WASHINGTON—Key members of Congress from both major political parties are demanding that the Department of Veterans Affairs explain why its call centers routinely provide veterans with bad information.
In response to a Knight Ridder story in December, Democrats and Republicans from the House of Representatives and the Senate have asked the VA to account for the incorrect answers it gives people who call the department's help lines.
According to the VA's own "mystery caller" program, Knight Ridder revealed that people who call the agency for help and advice are more likely to receive completely wrong answers than completely right ones.
On Tuesday, the chairman of the House subcommittee that deals with veterans' benefits wrote to the VA, asking for evidence of what the VA has done to improve its public call centers. Rep. Jeff Miller, R- Fla., wants answers from the VA within four weeks.
In the Senate, the chairman of the Committee on Veterans' Affairs, Larry Craig, R-Idaho, has directed his staff to discuss the situation with the VA. The agency and the committee staff will meet next week.
Two Democrats on the Senate committee—Ken Salazar of Colorado and Barack Obama of Illinois—also wrote VA Secretary James Nicholson, requesting information on the call centers and efforts to fix them. In a letter this week, Salazar said he was disturbed by the "startling lack of accuracy and professionalism" by VA workers. Obama wrote on Jan. 11 that veterans "deserve better than being given bad information" by the VA—or "being treated with disrespect." He said that he was outraged at the "pattern of unacceptable behavior."

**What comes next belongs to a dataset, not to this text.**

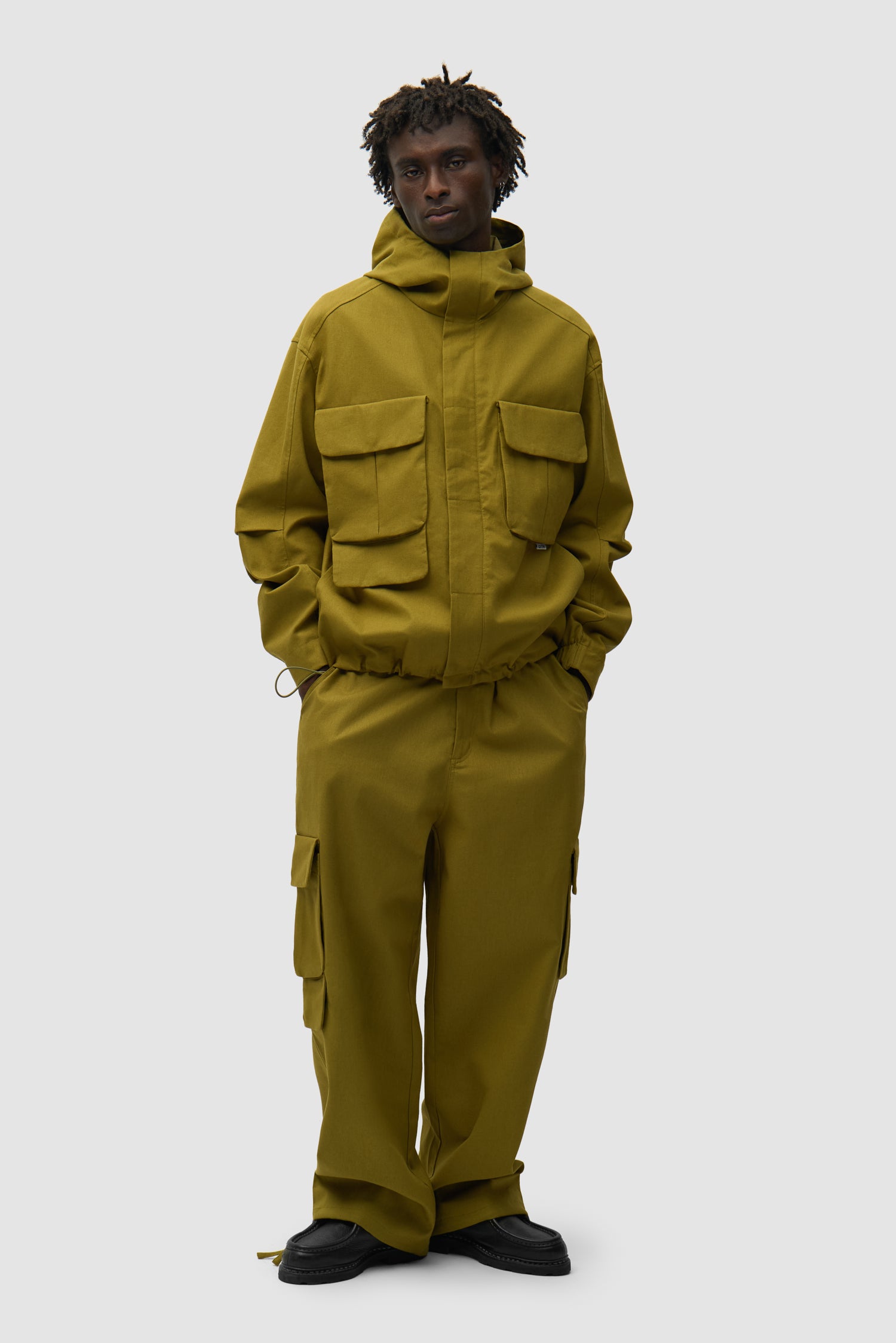 Pantalon cargo en lin vert porté par un mannequin, vue de face en pied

A spokesman for the VA, Jose Llamas, said the agency had just received the letters and would respond to the legislators when it was done reviewing the letters.
So-called mystery callers, saying they were relatives or friends of veterans inquiring about possible benefits, made a total of 1,089 calls. VA experts then rated the answers given by the VA's regional office workers.
They found that 22 percent of the answers that callers received were "completely incorrect," 23 percent were "minimally correct" and 20 percent were "partially correct." Nineteen percent of the answers were "completely correct," and 16 percent were "mostly correct."
The program also found that some VA workers were dismissive of some callers and unhelpful or rude to others.